Kerrville Daily Times, TX - Oct 4, 2006

Second butterfly outbreak surprised experts

By Gerard MacCrossan 

Millions of butterflies swarmed through Kerr County this week signaling a second 2007 <sic> outbreak of the American Snout.

This week’s arrival follows July’s large snout butterfly outbreak.

“They are on a tear east from San Antonio, out to Kerrville and (covering) a wide swath down to Uvalde County,” Quinn said. “Some people are reporting it is greater than the previous numbers.”


The Bandera Bulletin, TX - Oct 10, 2006 

Butterflies swarm the county

By Jessica Hawley-Jerome - Managing Editor

A second round of the American Snout Butterfly has swarmed the Hill Country, leaving plenty of questions and residue behind. Many experts have speculated why the migratory mini-monarchs are freely flying through the area once again, but most agree that the wave may indicate a pattern of regular visitation.

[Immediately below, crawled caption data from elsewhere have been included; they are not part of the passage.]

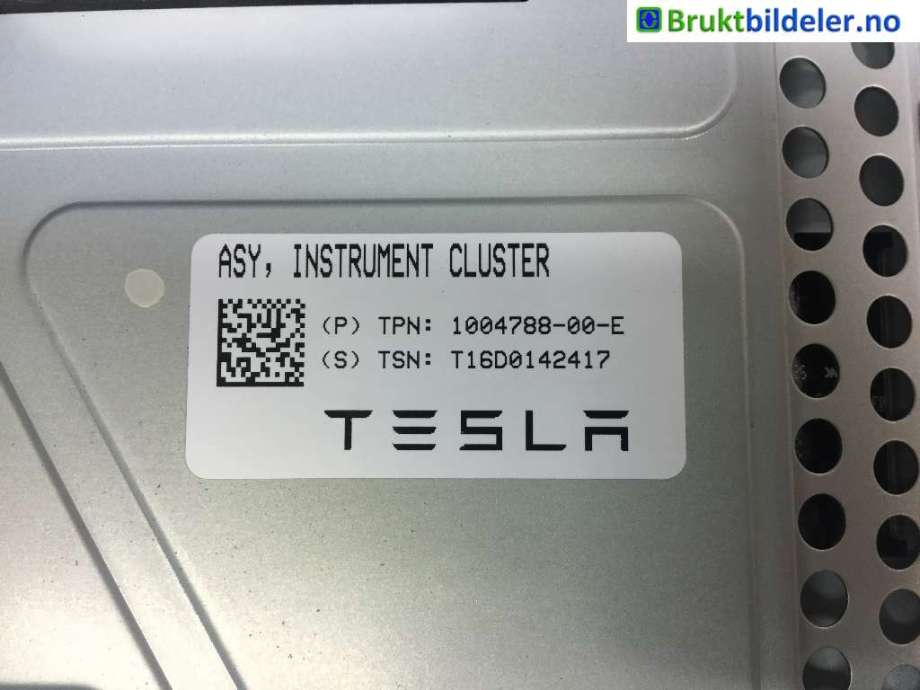 Instrumentpanel til Tesla Model S 2016-2021 (Fase 2) (TESLA|1004788-00-E|)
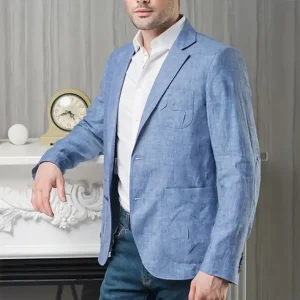 Americana de seda, lino, terciopelo. Chaqueta de smoking y levita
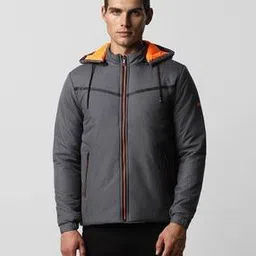 van heusen Men Regular Fit Hooded Jacket-picture-53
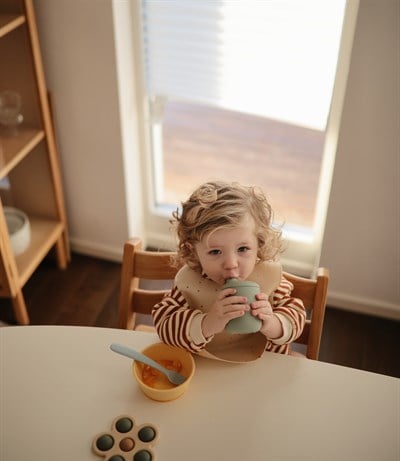 Mushie Pipetli Silikon Sippy Cup - Cambridge Blue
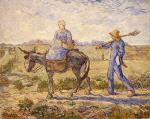 Morning: Peasant Couple Going to Work (after Millet)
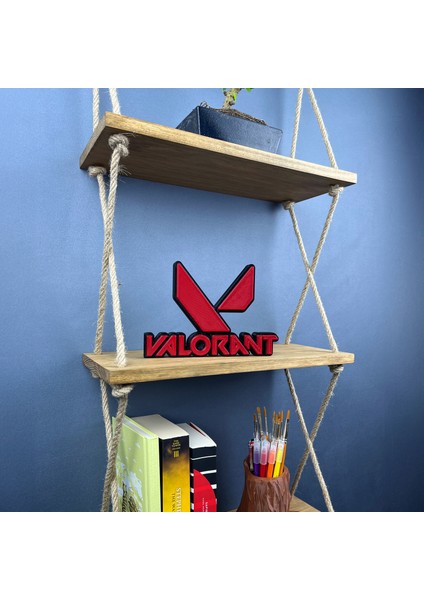 Valorant Logo Figür - Şık Masa Aksesuarı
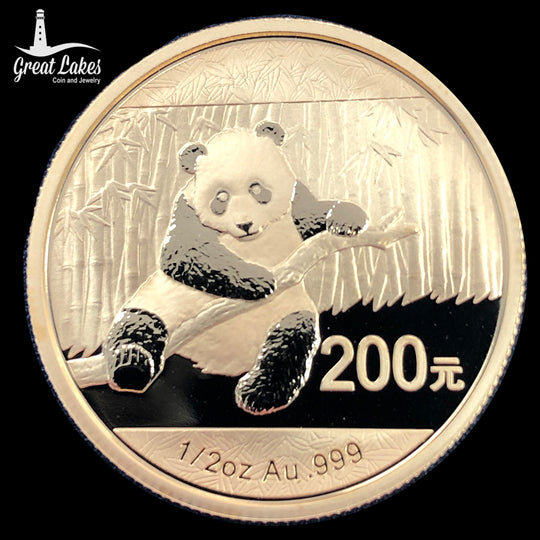 2014 1/2 oz Gold Panda (BU)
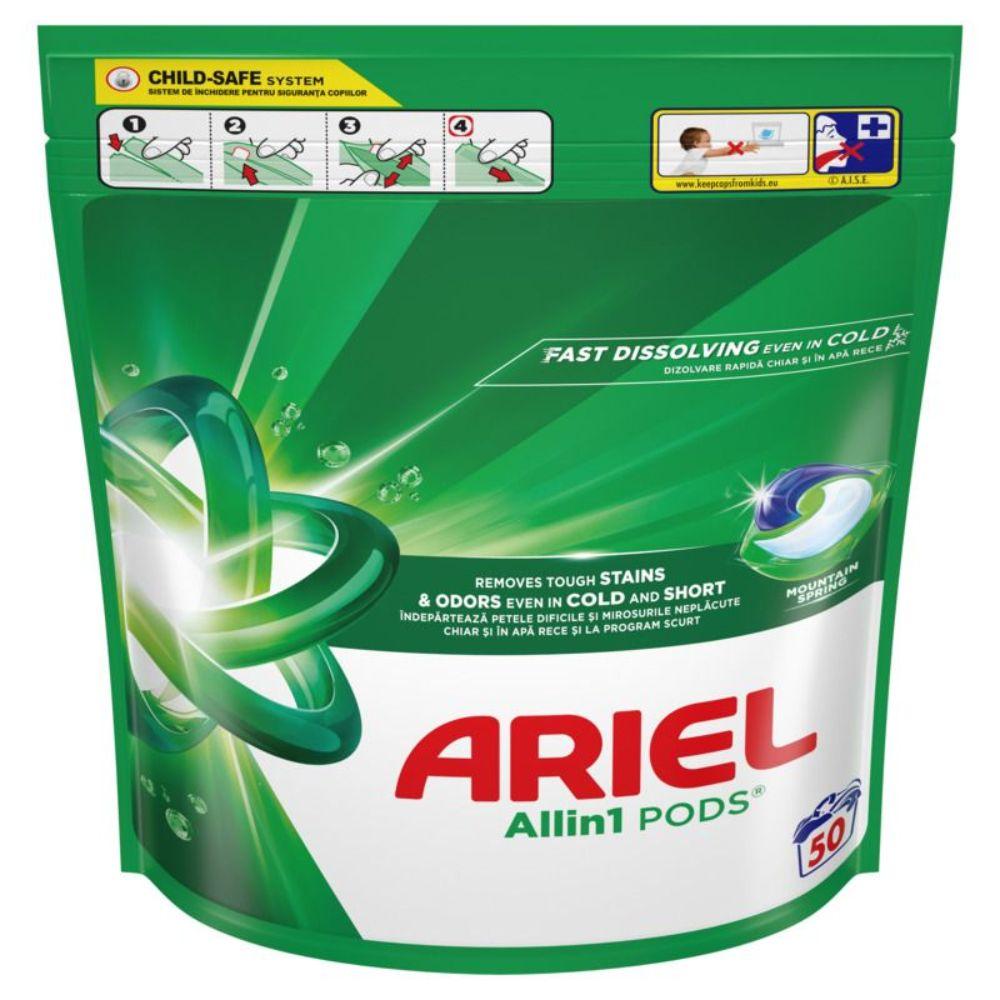 Ariel All-in-One PODS Mountain Spring kapsule za pranje veša - 50kom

The American Snout first arrived in Bandera in late July. Texas Cooperative Extension Agent Warren Thigpen said that the butterflies were attracted to the county's indigenous hackberry trees, and otherwise posed no threat to the environment.

He was unable to pinpoint where the snouts were headed, but they seemed to be traveling north. They disappeared for about a month before coming back in droves.